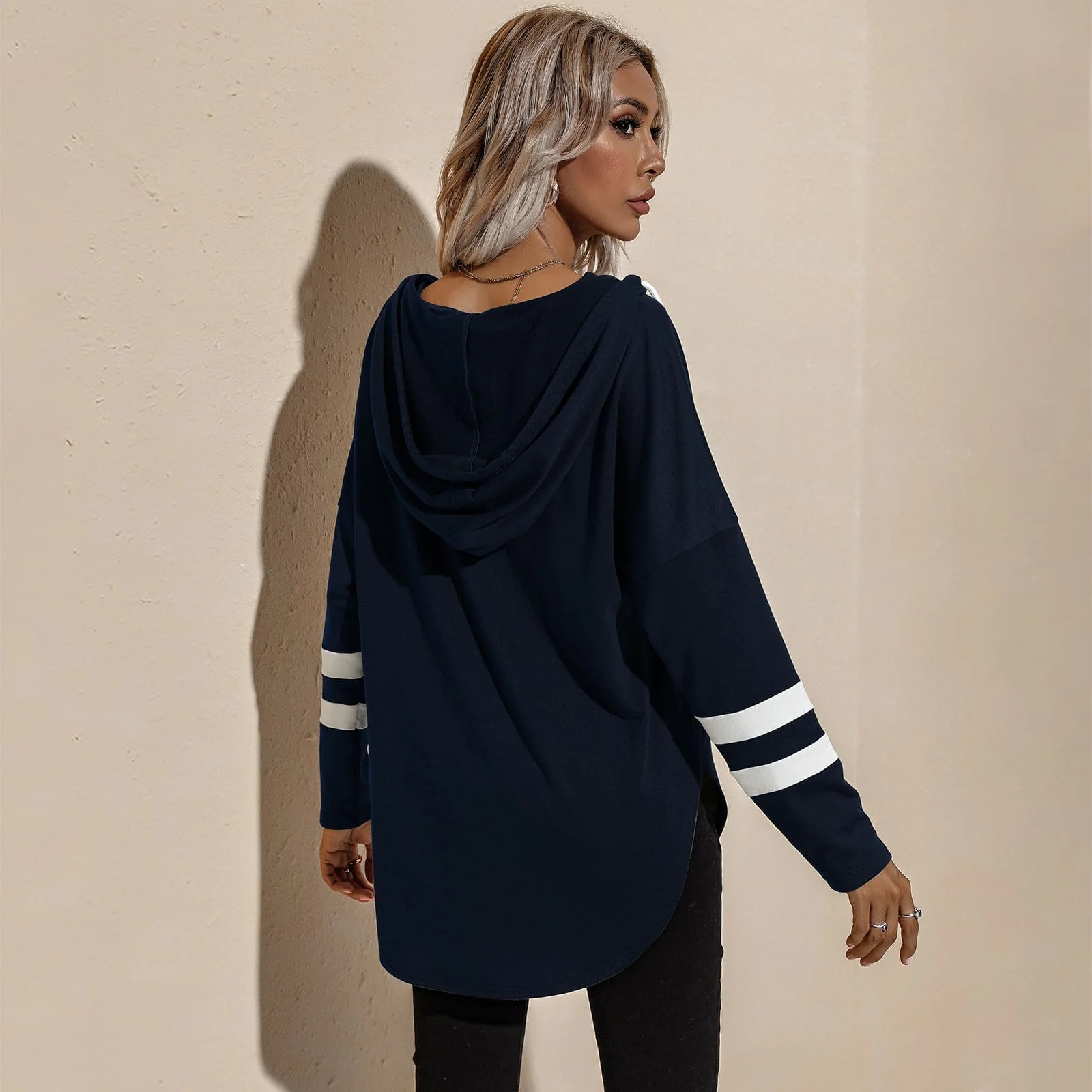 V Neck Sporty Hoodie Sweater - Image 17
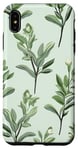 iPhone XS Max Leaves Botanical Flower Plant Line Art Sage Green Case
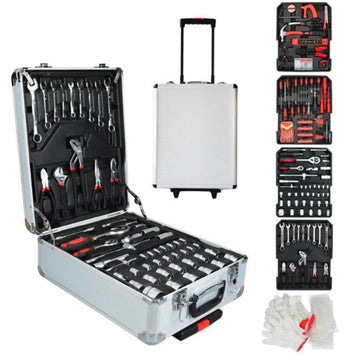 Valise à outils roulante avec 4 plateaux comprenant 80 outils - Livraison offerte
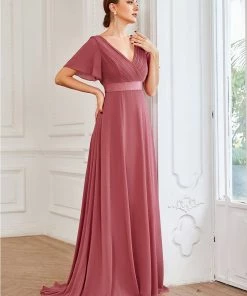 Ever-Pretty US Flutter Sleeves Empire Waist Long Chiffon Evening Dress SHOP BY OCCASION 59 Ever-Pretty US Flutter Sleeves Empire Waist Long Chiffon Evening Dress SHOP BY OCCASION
--
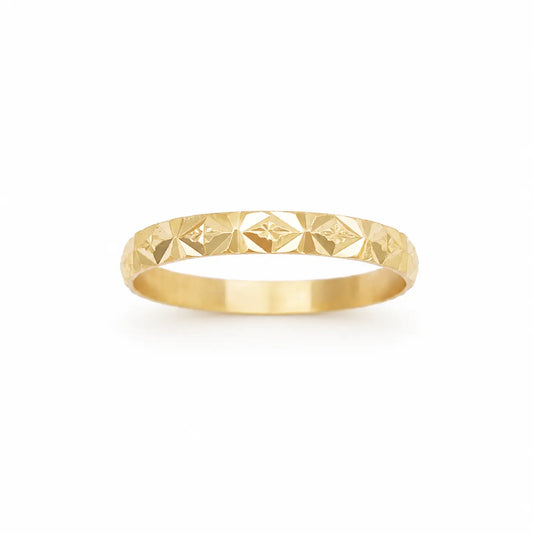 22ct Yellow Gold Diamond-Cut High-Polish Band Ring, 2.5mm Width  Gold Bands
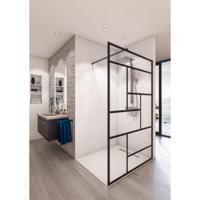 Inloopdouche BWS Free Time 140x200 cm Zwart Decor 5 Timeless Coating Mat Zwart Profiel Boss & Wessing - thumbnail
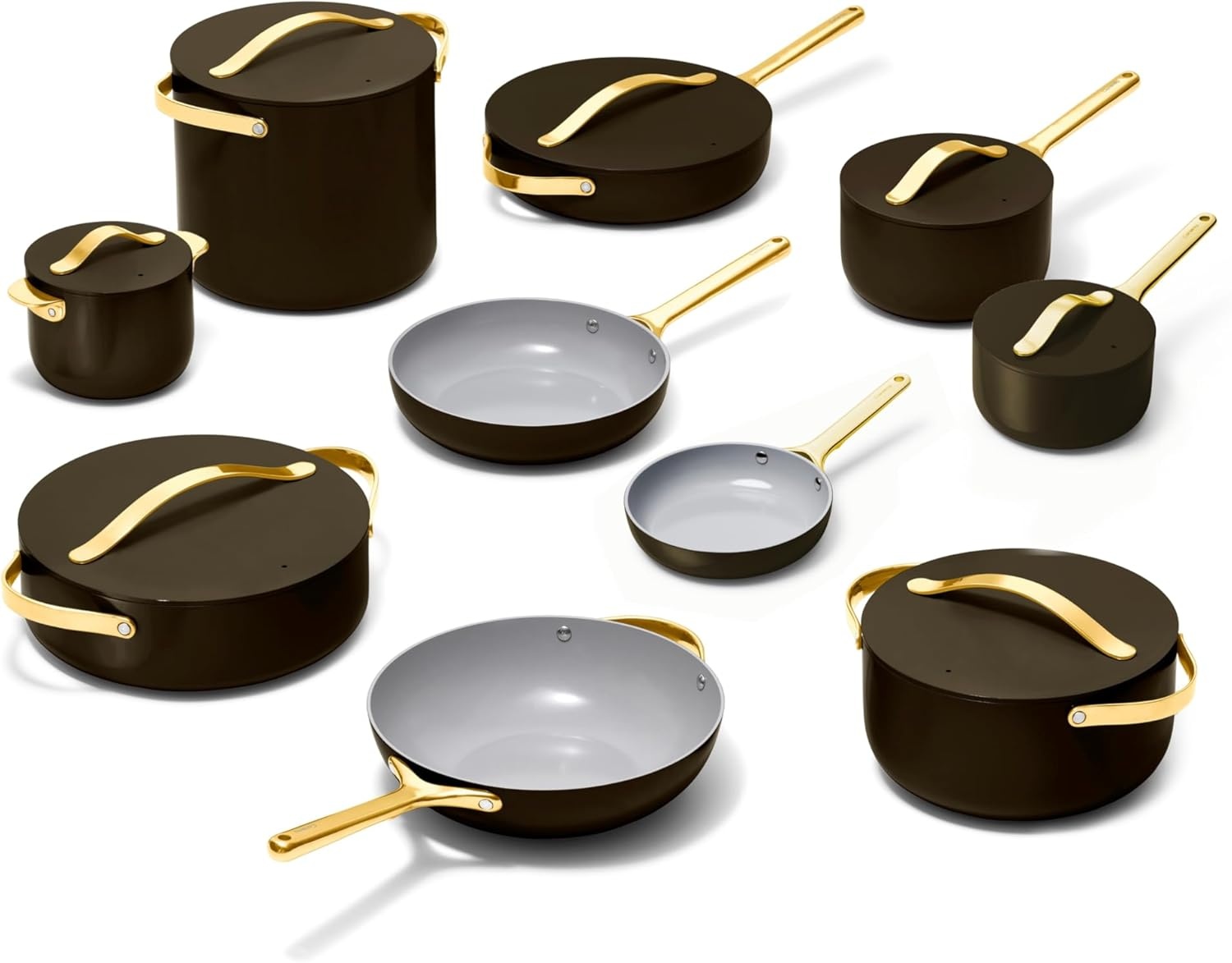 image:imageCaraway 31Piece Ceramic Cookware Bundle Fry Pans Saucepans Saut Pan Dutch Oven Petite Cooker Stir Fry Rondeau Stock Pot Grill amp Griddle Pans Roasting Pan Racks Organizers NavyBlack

▶ _What you are asked to do_:
Using the listing above, reproduce word for word every line from the one containing "V Neck Sporty Hoodie Sweater - Image 17" through the one containing "BY OCCASION 59". Pictures must be left out.

▶ _Answer section_:
 V Neck Sporty Hoodie Sweater - Image 17
 iPhone XS Max Leaves Botanical Flower Plant Line Art Sage Green Case
 Valise à outils roulante avec 4 plateaux comprenant 80 outils - Livraison offerte
 Ever-Pretty US Flutter Sleeves Empire Waist Long Chiffon Evening Dress SHOP BY OCCASION 59 Ever-Pretty US Flutter Sleeves Empire Waist Long Chiffon Evening Dress SHOP BY OCCASION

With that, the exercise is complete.